> WHAT TO DO
Only one stretch of the data below is wanted: the lines from the one with "330 мл, белый" through the one with "Wildflowers Poppies-Mike Mareen-Framed", repeated exactly.
GIVEN RECORDS START
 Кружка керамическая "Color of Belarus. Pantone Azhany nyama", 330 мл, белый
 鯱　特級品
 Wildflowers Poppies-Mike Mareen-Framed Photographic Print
GIVEN RECORDS END
GIVEN RECORDS START
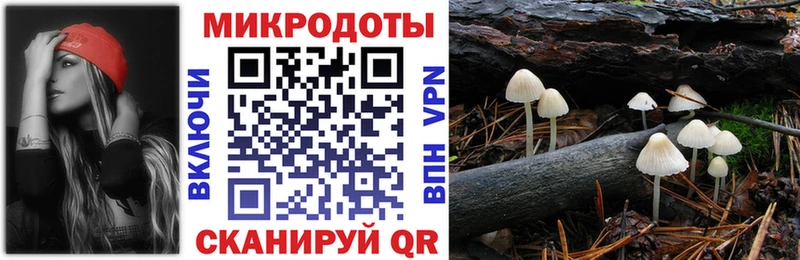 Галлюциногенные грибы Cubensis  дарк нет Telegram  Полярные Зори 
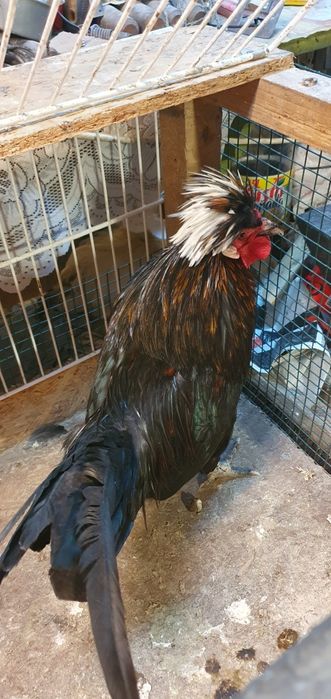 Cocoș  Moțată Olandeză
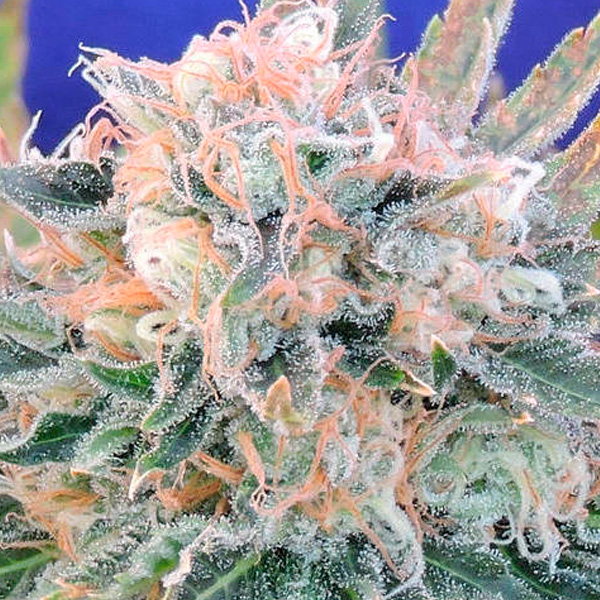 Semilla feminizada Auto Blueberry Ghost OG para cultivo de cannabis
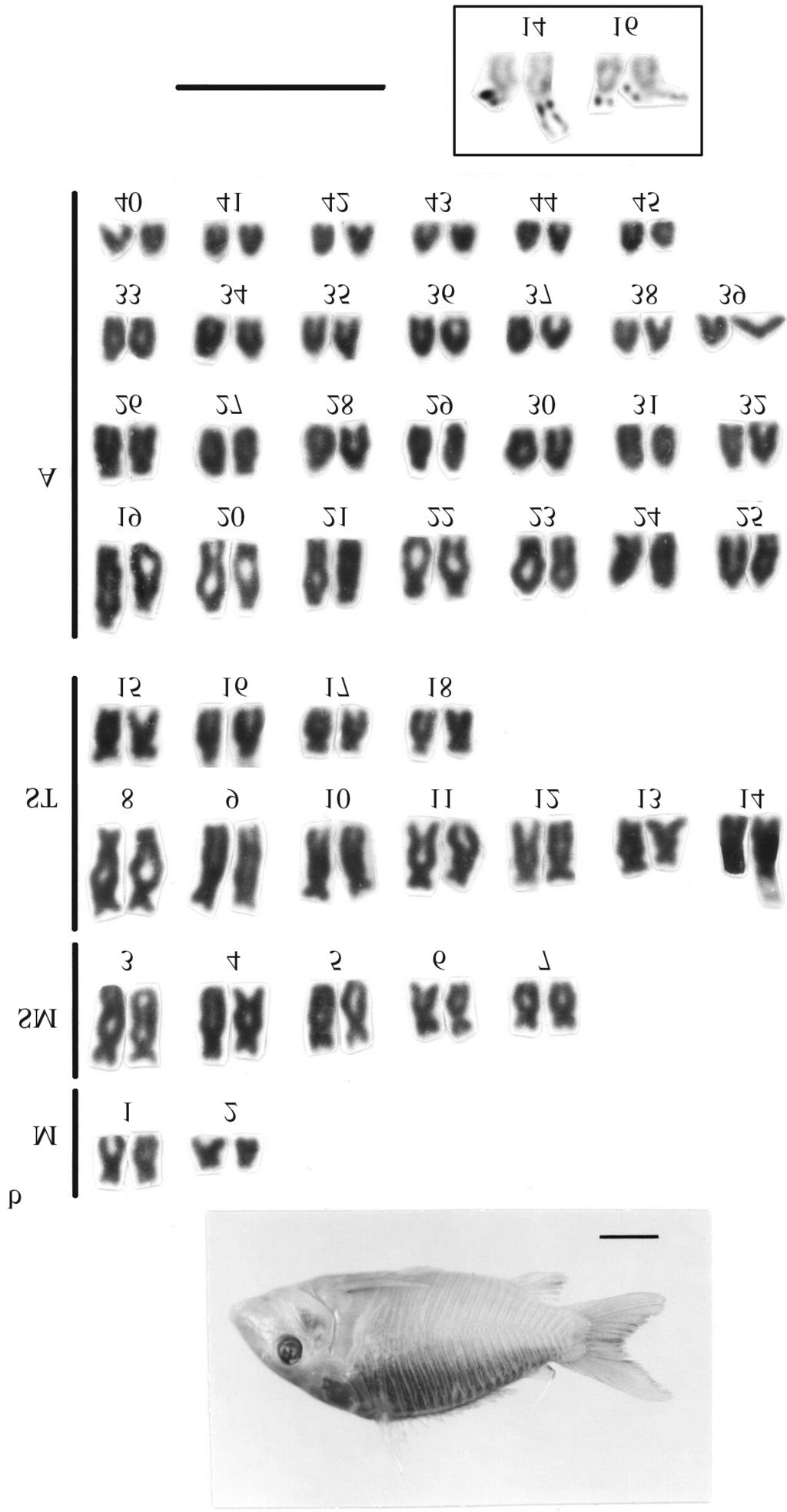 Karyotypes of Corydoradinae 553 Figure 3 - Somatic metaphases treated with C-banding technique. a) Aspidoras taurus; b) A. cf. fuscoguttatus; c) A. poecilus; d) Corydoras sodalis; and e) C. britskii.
GIVEN RECORDS END
GIVEN RECORDS START
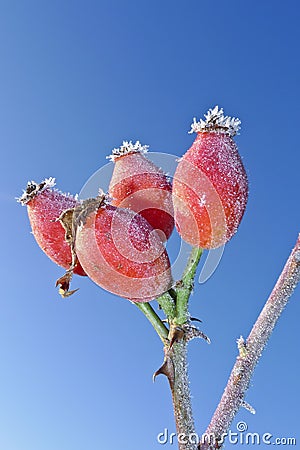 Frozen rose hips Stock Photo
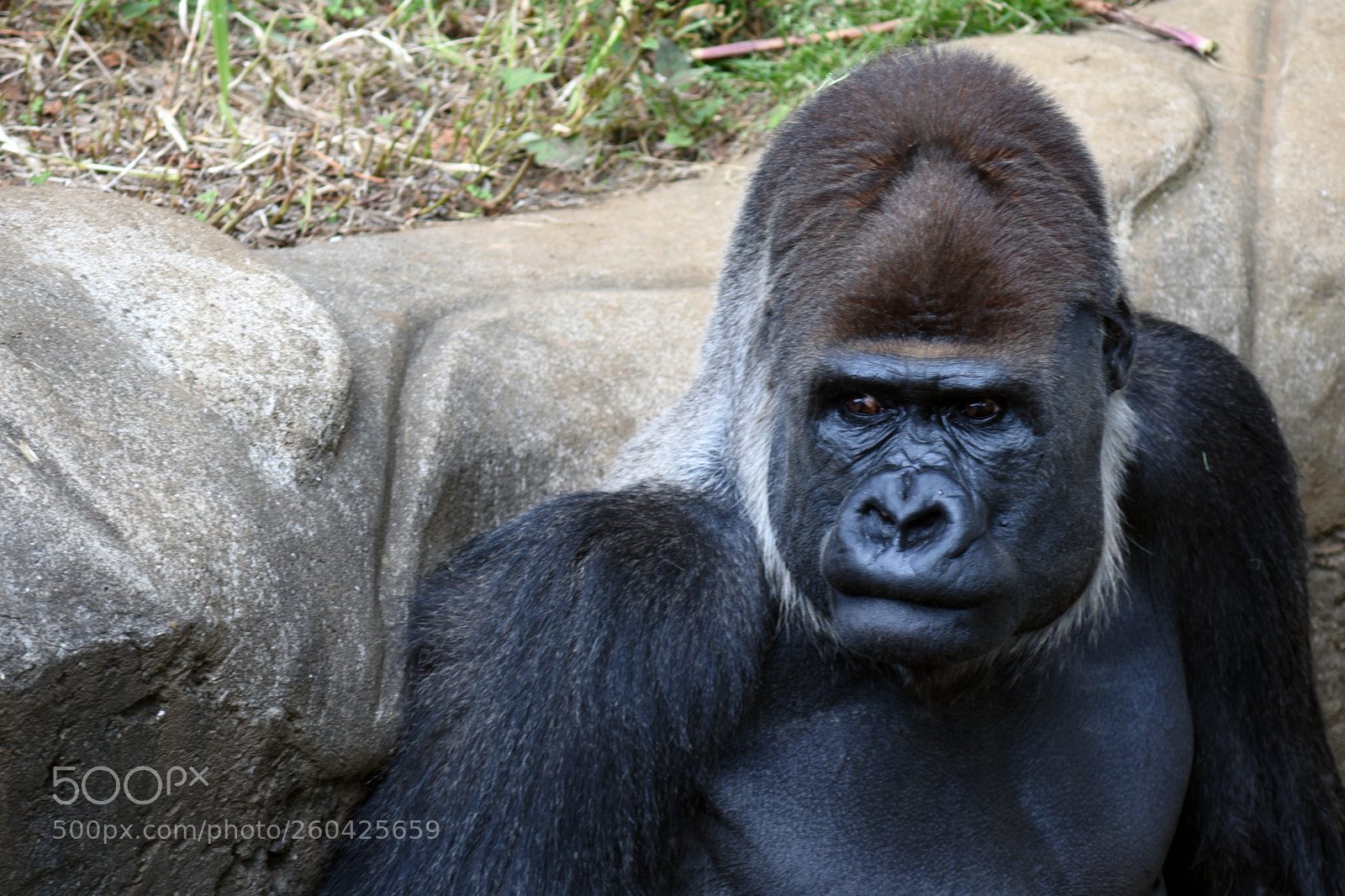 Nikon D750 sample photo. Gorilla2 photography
GIVEN RECORDS END
> TASK OUTPUT
 Кружка керамическая "Color of Belarus. Pantone Azhany nyama", 330 мл, белый
 鯱　特級品
 Wildflowers Poppies-Mike Mareen-Framed Photographic Print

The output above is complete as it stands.